Godfathers and Sons
États-Unis, 2003
De Marc Levin
Avec : Jamar Chess, Marshall Chess, Chuck D, Koko Taylor
Durée : 1h36
Sortie : 30/06/2004
Depuis les lamentations d’hier jusqu’aux refrains incendiaires scandés par les rappeurs d’aujourd’hui, la musique noire voit son identité évoluer au prix d’une unité toujours plus présente.

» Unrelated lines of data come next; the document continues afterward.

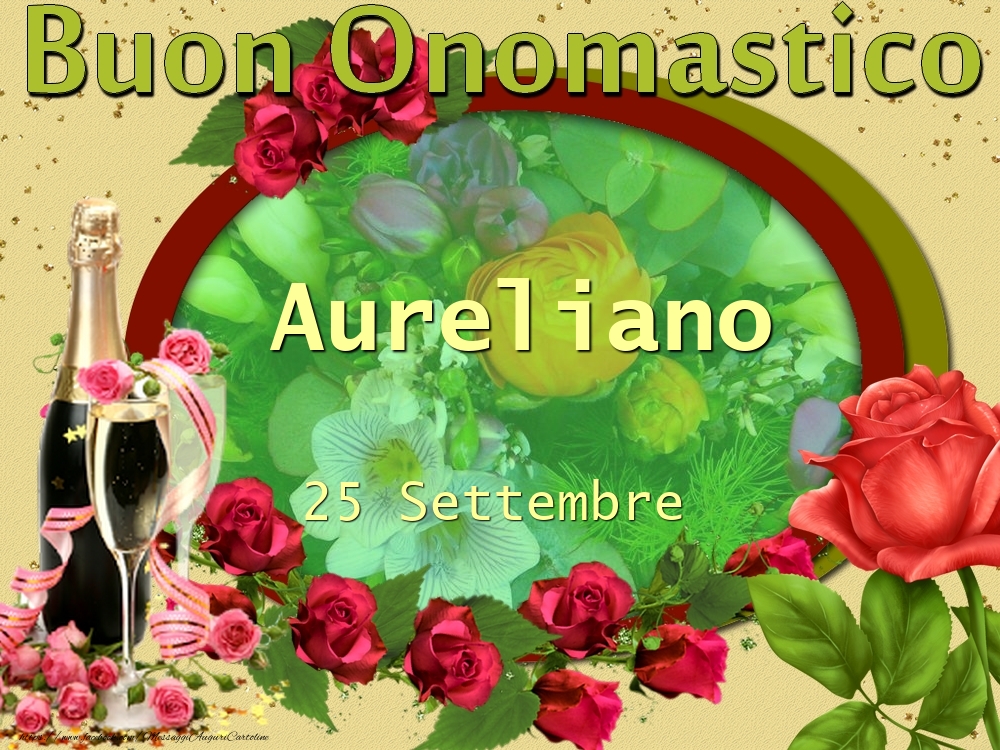 Cartoline di onomastico - Champagne & Fiori & Rose | Buon Onomastico, Aureliano! 25 Settembre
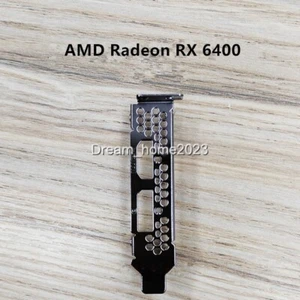 Low Profile Bracket For Sapphire HP RX 6400 LP Graphics Video Card DP+HDM - Picture 1 of 5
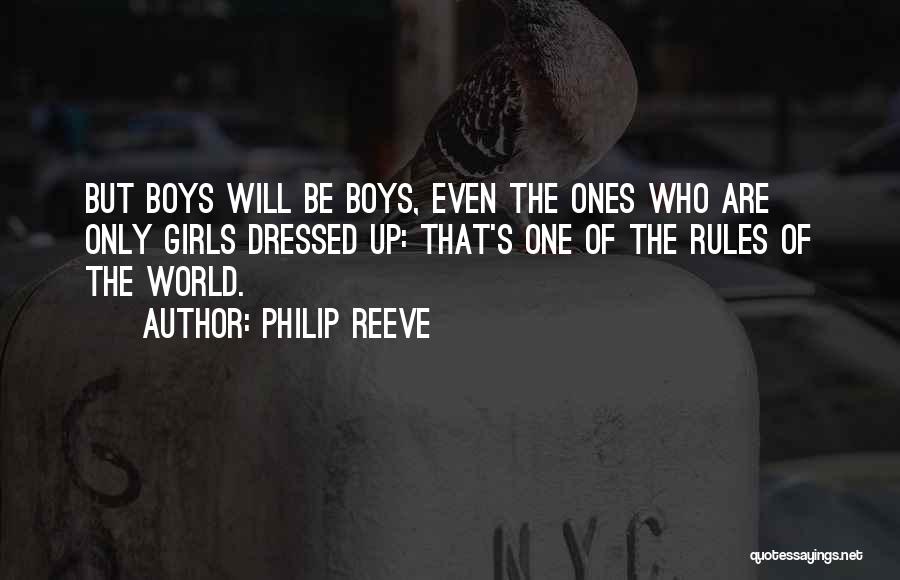 Philip Reeve Quotes: But Boys Will Be Boys, Even The Ones Who Are Only Girls Dressed Up: That's One Of The Rules Of
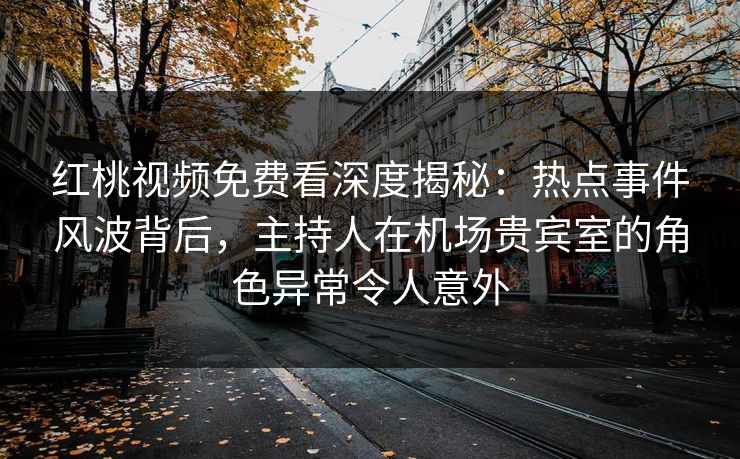 红桃视频免费看深度揭秘：热点事件风波背后，主持人在机场贵宾室的角色异常令人意外
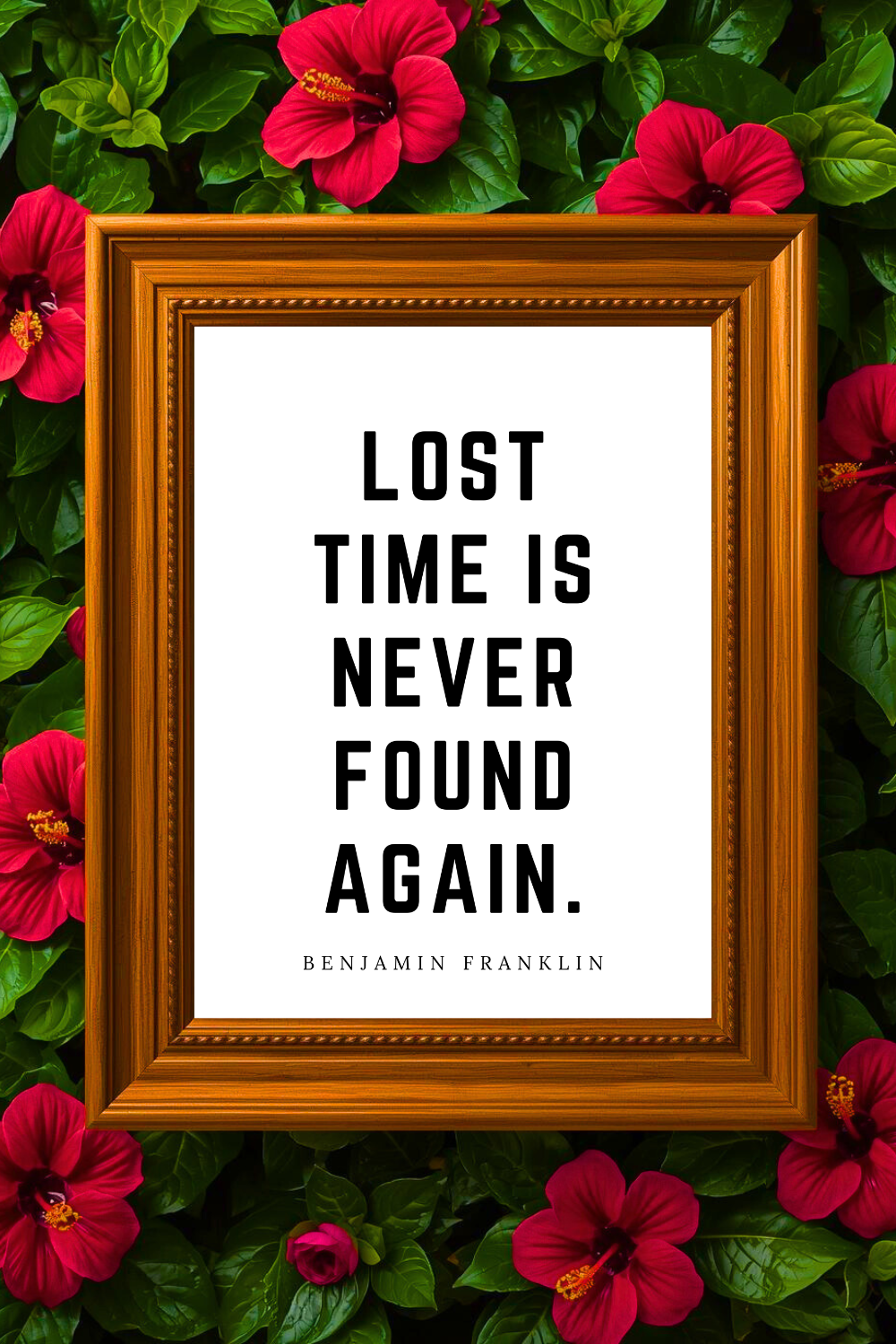 Lost Time is Never Found • Top Benjamin Franklin Quotes • Printable Positive Affirmation • Printable Positive Affirmation • Modern Farmhouse Decor • Wall Art Quote • Black and White • Printable PD.png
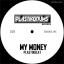Artwork for My Money (Original Mix)
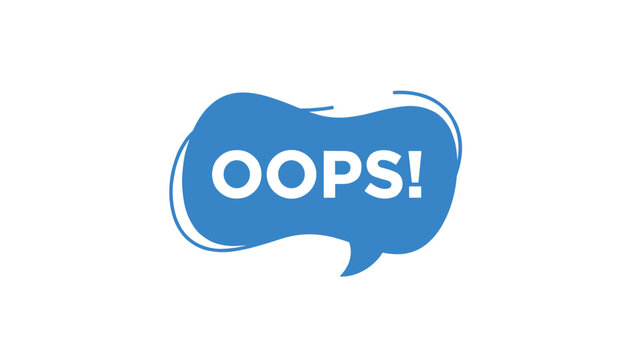 Bright blue hand drawn speech bubble features the text oops in bold white letters over a plain white background.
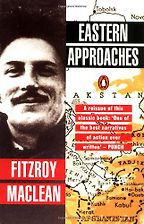 Eastern Approaches by Fitzroy Maclean Eastern Approaches by Fitzroy Maclean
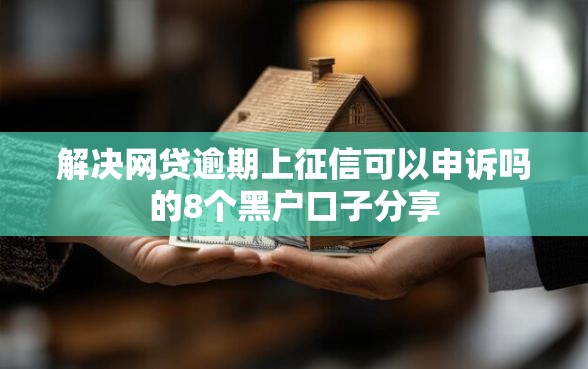 解决网贷逾期上征信可以申诉吗的8个黑户口子分享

IT TAKES A NATION OF MILLIONS TO HOLD US BACK
Cette sixième incursion documentaire dans le blues s’offre un regard planté dans les racines d’un arbre massif et dirigé vers son feuillage futuriste. Concrètement, Godfathers and Sons pose la question du legs, de l’héritage toujours vivace d’un blues plus que centenaire. Plutôt que d’explorer un passé riche, foisonnant d’artistes maudits, oubliés, dont la mémoire ne survit que par les grâces de quelques amateurs fervents, obstinés et curieux, le film jette ses amarres dans un port de jeunesse. Ce qui intéresse Marc Levin - déjà très versé dans la culture hip-hop avec les étonnants Slam et Whiteboys - ce sont les causes et les conséquences de la découverte par ces jeunes rappeurs de la musique de leurs ancêtres. Là où l’art de la guitare virtuose avait influencé les jeunes rockers londoniens et blancs, c’est l’âme et la rage du peuple noir qui va marquer la génération rap urbaine. Le lien évident entre rock et blues fait place à la lignée sanguine et atavique d’un hip-hop-fils-caché plus friand de mots brûlants et de collages revisités que d’improvisations virtuoses partagées entre claviers et pianos rugueux. Les chemins tortueux pourtant remontent tous à la source: le blues. Surtout lorsque même les plus jeunes, connaissant leur Eminem sur le bout des doigts, ignorent tout de l’influence d’un Chuck D.
FEAR OF A BLACK PLANET
En suivant l’héritier - Marshall Chess - d’un label de blues du Chicago d’après guerre, parti en goguette avec Chuck D, Godfathers and Sons devient le tracé d’une route qui conduira au croisement inattendu entre un blues ressuscité d’entre les morts et un rap revendicatif. Confrontant leurs voyages personnels - le premier a produit le fameux Electric Mud en 1968, sorte de renaissance blues-rock-psyché de Muddy Waters, alors que le second a dirigé bien plus tard la machine de combat Public Enemy - ils se retrouvent sur les traces d’un nouvel album à produire et de nouvelles énergies à créer. Mêlant les musiciens vieillis mais toujours adroits de Muddy avec quelques unes des plus fines fleurs de la scène rap américaine (dont le collectif The Roots), l’expérimentation produira un effet explosif et sidérant. Au cœur de l’Electric Lady - le studio New-yorkais de l’immense Jimmy Hendrix - transformé pour l’occasion en laboratoire de Frankenstein bouillonnant, naît une étrange alliance à la saveur revigorante. C’est dans ce métissage inédit, étonnant et pertinent que Marc Levin fait évoluer son fil narratif. Il produit probablement le meilleur film de la série et prouve par la même occasion l’intemporalité du blues et sa compromission dans les formes les plus affûtées de la musique populaire contemporaine.